- Born: October 14, 1955 (age 70) Wisconsin, US
- Education: Marquette (BS; Medical Laboratory Sciences 1977), Cardinal Stritch (MA; Business Management 1990), Medical College of Wisconsin(PhD; Experimental Pathology 1994), St. Luke's Medical Center Milwaukee(Post Doctoral Fellowship)
- Known for: Co-founder Viracor., Early work on multiple sclerosis.
- Scientific career
- Fields: Virology, Laboratory Economics, Biotechnology Entrepreneur

= Konstance Knox =

American virologist and entrepreneur (born 1955)

Konstance K. Knox (born October 14, 1955) is an American virologist and entrepreneur who founded Coppe Laboratories, Viracor, the Wisconsin Viral Research Group (WVRG) and Viracor's Institute for Viral Pathogenesis (IVP). In 2000, Viracor became the first biotechnology company in the United States to correlate multiple sclerosis with human herpesvirus 6 (HHV-6).

== Contributions to HHV-6 Understanding ==
Knox was first to identify human herpesvirus-6 (HHV-6) as a cause of acute and subacute encephalitis in immunocompromised individuals.

Knox was first to identify human herpesvirus-6 (HHV-6) as a cause of pneumonitis in immunocompromised individuals.

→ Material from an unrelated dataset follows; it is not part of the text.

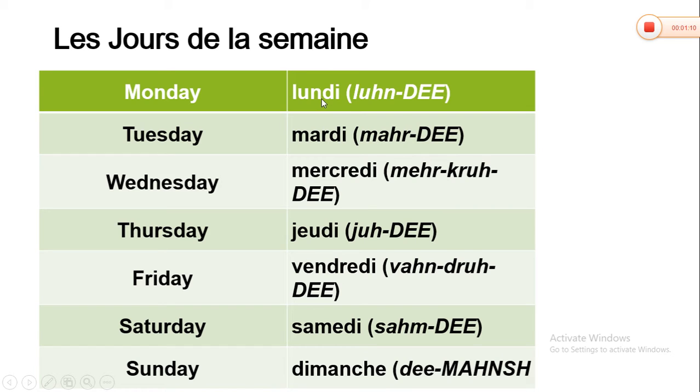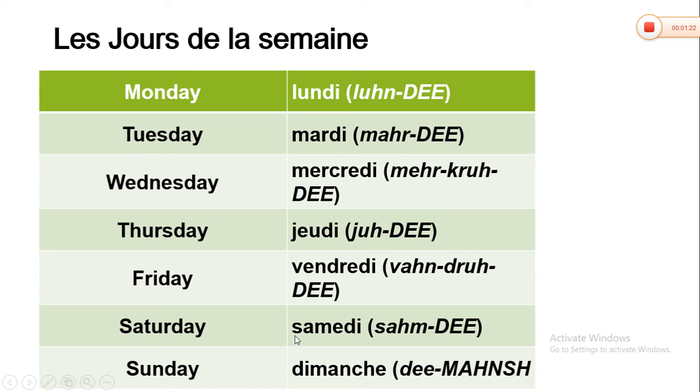Encore fois: lundi, mardi, mercredi, jeudi, vendredi, samedi, dimanche.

Knox was first to identify human herpesvirus-6 (HHV-6) as a serious pathogen in immunocompromised individuals causing or contributing to immune suppression and immune dysregulation.

==Biography==

Born and raised in Wisconsin, Knox received her bachelor's degree in medical laboratory sciences from Marquette University and was board certified by the American Society for Clinical Pathology in 1977. After receiving a master's degree in business management in 1990, Knox entered the Medical College of Wisconsin's graduate pathology program as a doctoral student in 1992, where she investigated the pathogenetic interactions between HIV and HHV-6 as her doctoral dissertation research project under Donald Carrigan with whom she collaborated on various publications during the period. She received her PhD in 1994.

==Founding Viracor==
In 1996 Knox and Carrigan founded the Wisconsin Viral Research Group (WVRG), located in the Milwaukee County Research Park. In 2000 they incorporated Viracor as a spinoff of WVRG and hired Phillip Short as the founding CEO to manage business aspect of Viracor in exchange of a minority stake, according to Milwaukee County records. Viracor grew revenues to more than $25 million per year by 2008 with more than 100 employees. In summer of 2009 Viracor was acquired by IBT Labs for US$44 Million in cash and a further unspecified amount of stock. By 2014, Viracor-IBT Laboratories was valued at US$255 Million, when it was acquired by Eurofins Scientific Group. As Viracor expanded Knox focused on WVRG and expanded research outside United States. Through WVRG, Knox collaborates with various research and philanthropic organizations to offer free research grants and develop research institutes. Knox also runs the not-for-profit Institute for Viral Pathogenesis (IVP), which has successfully obtained research grants from major funding organizations for virological studies in patients with multiple sclerosis and chronic fatigue syndrome.

==Recognition==
Knox was named fifth of the 50 most innovative AIDS researchers in the United States in 1996 by POZ magazine in its "Survey of the American Scientific Landscape". In their recognition, survey authors Bob Lederer and Patrick Pacheco said Knox calls HHV-6 variant A "a big, dumb brute destroyer of tissue," which she and Carrigan had in their crosshairs. The National CFIDS Foundation (NCF) awarded its largest research grant to Knox, for “The Potential Role of New Infectious Agents in Chronic Fatigue Syndrome”. NCF medical director Alan Cocchetto said that Knox and her partner had assisted the NCF with previous projects that included research into the roles of HHV-6A/B and HTLV-II in CFS/ME. Knox's work on the role of human herpesvirus six (HHV-6) in chronic diseases also led her to be named the 1995 Distinguished Alumna of the Program in Medical Laboratory Sciences at Marquette University. Her work was named as the Outstanding Doctoral Dissertation in 1995 by the Medical College of Wisconsin. Knox has served as a special reviewer for the National Prion Research Program of the National Institutes of Health and has served as a peer reviewer for several journals and funding agencies. She is a member of the American Society for Microbiology, the Infectious Diseases Society of America, American Association for the Advancement of Science (AAAS), and the Pan American Society for Clinical Virology. She has served on the scientific advisory board of the International Association for Chronic Fatigue Syndrome and also serves as a member of the scientific advisory board of the Wisconsin ME/CSF Foundation.